RECORDED DATA:
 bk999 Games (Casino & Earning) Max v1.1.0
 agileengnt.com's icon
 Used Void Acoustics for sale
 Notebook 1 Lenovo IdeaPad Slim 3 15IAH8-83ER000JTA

--

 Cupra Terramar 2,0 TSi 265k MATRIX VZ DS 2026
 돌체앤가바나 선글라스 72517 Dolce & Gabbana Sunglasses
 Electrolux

* * *

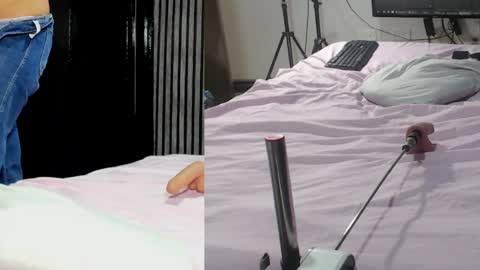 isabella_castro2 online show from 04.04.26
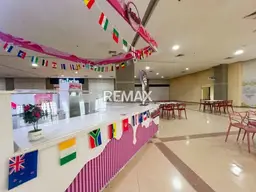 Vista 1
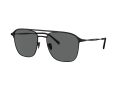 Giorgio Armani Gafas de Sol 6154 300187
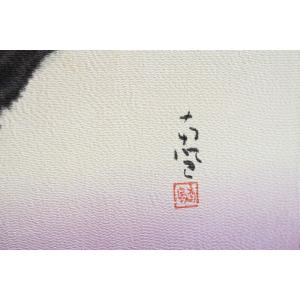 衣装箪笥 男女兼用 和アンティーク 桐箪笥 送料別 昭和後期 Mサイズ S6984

EXERCISE DETAILS: In the listing above, find the line containing "bk999 Games (Casino & Earning) Max v1.1.0" and the line containing "Notebook 1 Lenovo", then retype both and every line between them exactly, with nothing else.

RESULT:
 bk999 Games (Casino & Earning) Max v1.1.0
 agileengnt.com's icon
 Used Void Acoustics for sale
 Notebook 1 Lenovo IdeaPad Slim 3 15IAH8-83ER000JTA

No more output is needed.